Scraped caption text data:
════

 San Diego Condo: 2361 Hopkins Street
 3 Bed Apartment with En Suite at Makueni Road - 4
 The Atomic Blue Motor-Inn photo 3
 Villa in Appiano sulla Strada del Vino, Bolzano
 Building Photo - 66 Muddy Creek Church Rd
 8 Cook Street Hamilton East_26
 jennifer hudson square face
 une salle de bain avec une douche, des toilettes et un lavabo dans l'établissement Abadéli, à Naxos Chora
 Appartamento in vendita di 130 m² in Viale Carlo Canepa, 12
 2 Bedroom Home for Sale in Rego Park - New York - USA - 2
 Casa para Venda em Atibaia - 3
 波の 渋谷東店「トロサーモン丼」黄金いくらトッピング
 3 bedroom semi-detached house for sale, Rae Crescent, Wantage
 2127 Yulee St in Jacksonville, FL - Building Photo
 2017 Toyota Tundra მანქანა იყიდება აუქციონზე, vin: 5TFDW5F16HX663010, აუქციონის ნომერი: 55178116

════

Reproduce the records above exactly, starting with the line that contains "Casa para Venda em Atibaia - 3" and ending with the last line.

THE ANSWER:
 Casa para Venda em Atibaia - 3
 波の 渋谷東店「トロサーモン丼」黄金いくらトッピング
 3 bedroom semi-detached house for sale, Rae Crescent, Wantage
 2127 Yulee St in Jacksonville, FL - Building Photo
 2017 Toyota Tundra მანქანა იყიდება აუქციონზე, vin: 5TFDW5F16HX663010, აუქციონის ნომერი: 55178116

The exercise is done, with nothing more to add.